■ Listed entries:
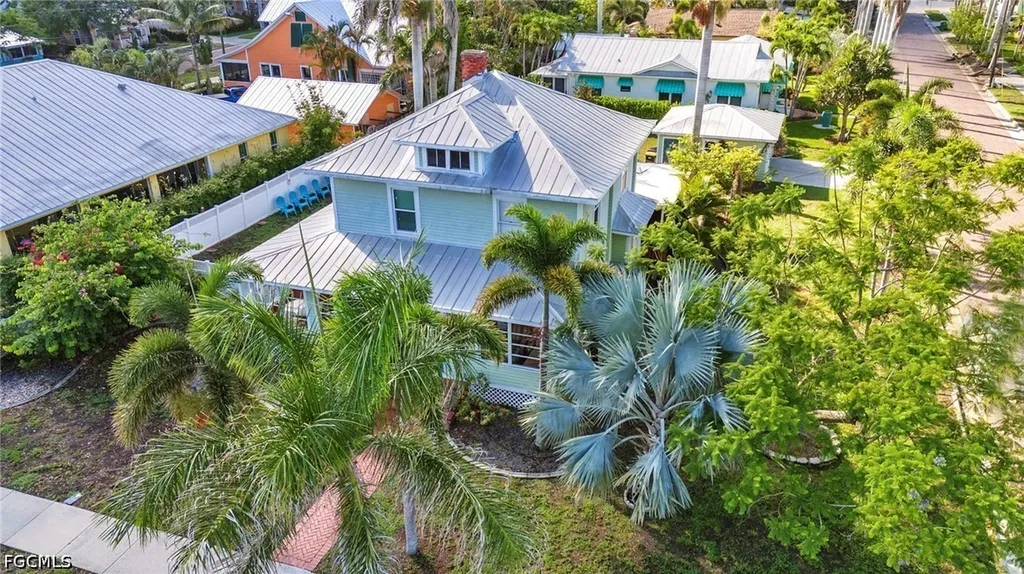 415 W Marion Avenue Punta Gorda FL 33950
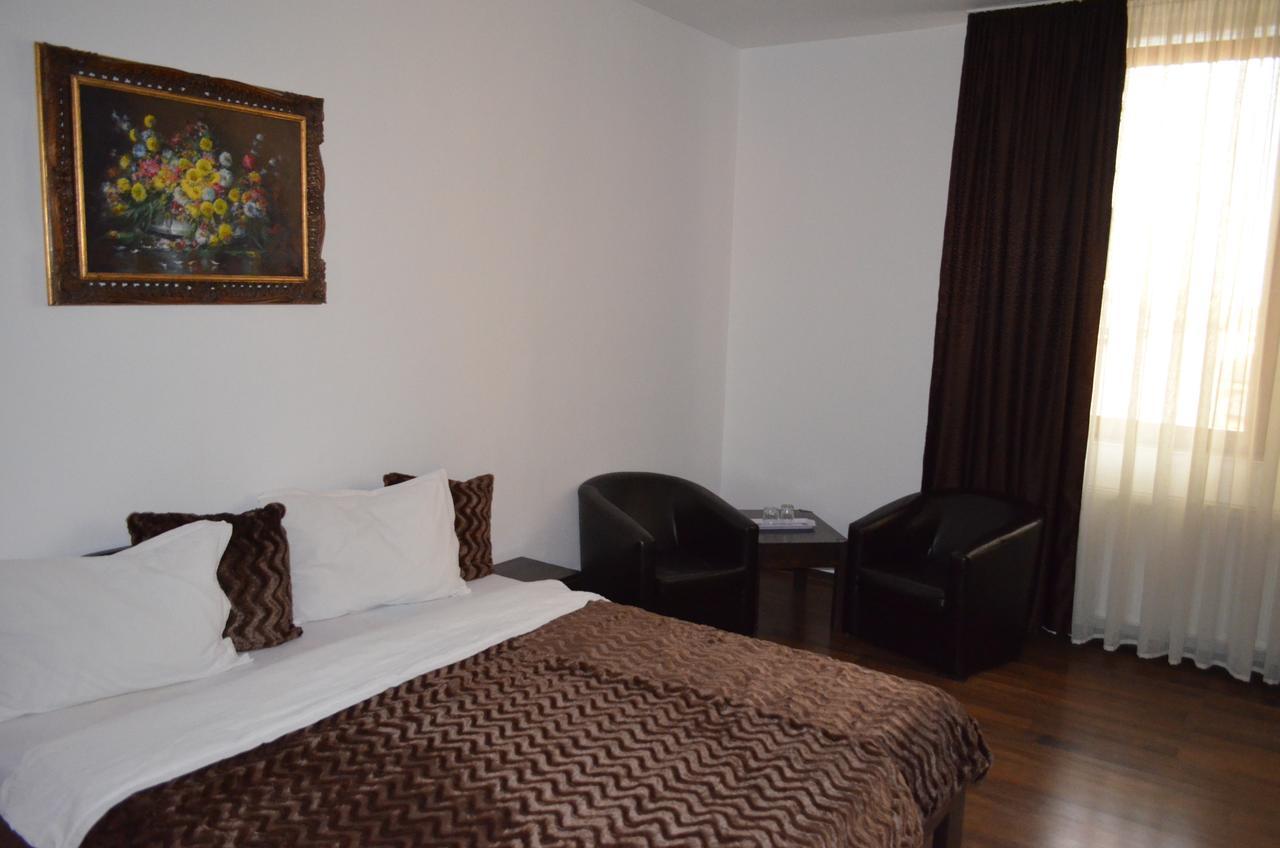 Hotel Taverna Pecicana Zewnętrze zdjęcie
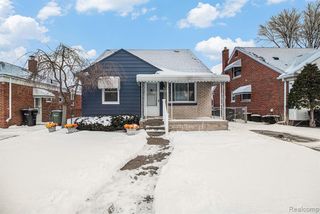 15562 Warwick Avenue, Allen Park, MI 48101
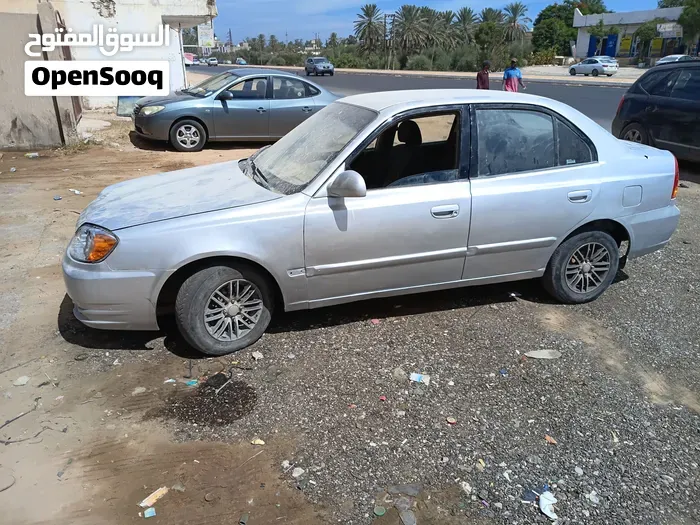 Hyundai Verna 2003 photo 3
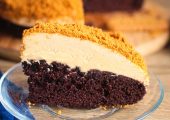 Ciasto czekoladowe z kremem Lotus (Kopiec Lotus Biscoff)
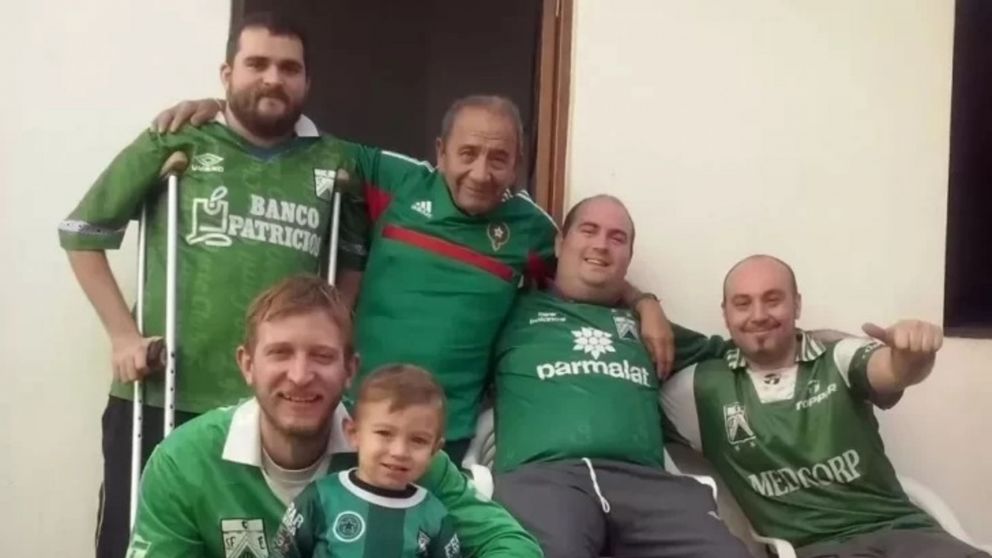 "Lalo" Cejas con sus amigos del hip�dromo. Abrazo y pasi�n.  Y con �l, Ramiro Araujo (hincado), que este domingo estar� en Bol�var.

■ Exercise: Write out each line exactly, from the one containing "15562 Warwick Avenue, Allen Park, MI 48101" through the end of the entries, and skip the pictures.

■ Problem solution:
 15562 Warwick Avenue, Allen Park, MI 48101
 Hyundai Verna 2003 photo 3
 Ciasto czekoladowe z kremem Lotus (Kopiec Lotus Biscoff)
 "Lalo" Cejas con sus amigos del hip�dromo. Abrazo y pasi�n.  Y con �l, Ramiro Araujo (hincado), que este domingo estar� en Bol�var.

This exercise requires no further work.